How to complete this task >> Reproduce the listing that follows so that each line matches the original exactly.

Provided information >>

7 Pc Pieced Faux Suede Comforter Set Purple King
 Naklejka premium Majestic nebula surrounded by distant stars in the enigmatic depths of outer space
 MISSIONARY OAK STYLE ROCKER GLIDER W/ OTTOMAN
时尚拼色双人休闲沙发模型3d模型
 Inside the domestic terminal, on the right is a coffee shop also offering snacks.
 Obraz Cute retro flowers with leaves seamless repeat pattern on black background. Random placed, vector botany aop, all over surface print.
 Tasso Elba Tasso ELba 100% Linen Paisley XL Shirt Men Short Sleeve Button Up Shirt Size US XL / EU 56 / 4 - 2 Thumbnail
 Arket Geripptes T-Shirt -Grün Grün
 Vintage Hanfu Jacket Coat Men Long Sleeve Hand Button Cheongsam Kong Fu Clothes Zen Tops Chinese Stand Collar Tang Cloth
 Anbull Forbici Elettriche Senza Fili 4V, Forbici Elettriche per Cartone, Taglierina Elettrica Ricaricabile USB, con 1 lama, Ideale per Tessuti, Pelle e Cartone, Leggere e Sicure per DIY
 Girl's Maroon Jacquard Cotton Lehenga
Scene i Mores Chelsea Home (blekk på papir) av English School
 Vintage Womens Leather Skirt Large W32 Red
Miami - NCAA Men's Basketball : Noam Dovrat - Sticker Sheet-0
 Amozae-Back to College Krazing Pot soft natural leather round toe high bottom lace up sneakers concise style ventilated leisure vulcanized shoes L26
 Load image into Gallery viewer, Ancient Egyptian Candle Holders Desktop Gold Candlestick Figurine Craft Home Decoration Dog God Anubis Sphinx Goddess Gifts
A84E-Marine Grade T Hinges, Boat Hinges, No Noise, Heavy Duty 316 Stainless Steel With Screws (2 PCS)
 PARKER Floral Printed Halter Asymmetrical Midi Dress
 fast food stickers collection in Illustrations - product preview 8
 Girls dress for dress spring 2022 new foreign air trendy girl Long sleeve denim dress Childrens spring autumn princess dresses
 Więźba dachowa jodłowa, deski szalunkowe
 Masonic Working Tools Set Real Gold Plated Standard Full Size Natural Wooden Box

Task solution >>
7 Pc Pieced Faux Suede Comforter Set Purple King
 Naklejka premium Majestic nebula surrounded by distant stars in the enigmatic depths of outer space
 MISSIONARY OAK STYLE ROCKER GLIDER W/ OTTOMAN
时尚拼色双人休闲沙发模型3d模型
 Inside the domestic terminal, on the right is a coffee shop also offering snacks.
 Obraz Cute retro flowers with leaves seamless repeat pattern on black background. Random placed, vector botany aop, all over surface print.
 Tasso Elba Tasso ELba 100% Linen Paisley XL Shirt Men Short Sleeve Button Up Shirt Size US XL / EU 56 / 4 - 2 Thumbnail
 Arket Geripptes T-Shirt -Grün Grün
 Vintage Hanfu Jacket Coat Men Long Sleeve Hand Button Cheongsam Kong Fu Clothes Zen Tops Chinese Stand Collar Tang Cloth
 Anbull Forbici Elettriche Senza Fili 4V, Forbici Elettriche per Cartone, Taglierina Elettrica Ricaricabile USB, con 1 lama, Ideale per Tessuti, Pelle e Cartone, Leggere e Sicure per DIY
 Girl's Maroon Jacquard Cotton Lehenga
Scene i Mores Chelsea Home (blekk på papir) av English School
 Vintage Womens Leather Skirt Large W32 Red
Miami - NCAA Men's Basketball : Noam Dovrat - Sticker Sheet-0
 Amozae-Back to College Krazing Pot soft natural leather round toe high bottom lace up sneakers concise style ventilated leisure vulcanized shoes L26
 Load image into Gallery viewer, Ancient Egyptian Candle Holders Desktop Gold Candlestick Figurine Craft Home Decoration Dog God Anubis Sphinx Goddess Gifts
A84E-Marine Grade T Hinges, Boat Hinges, No Noise, Heavy Duty 316 Stainless Steel With Screws (2 PCS)
 PARKER Floral Printed Halter Asymmetrical Midi Dress
 fast food stickers collection in Illustrations - product preview 8
 Girls dress for dress spring 2022 new foreign air trendy girl Long sleeve denim dress Childrens spring autumn princess dresses
 Więźba dachowa jodłowa, deski szalunkowe
 Masonic Working Tools Set Real Gold Plated Standard Full Size Natural Wooden Box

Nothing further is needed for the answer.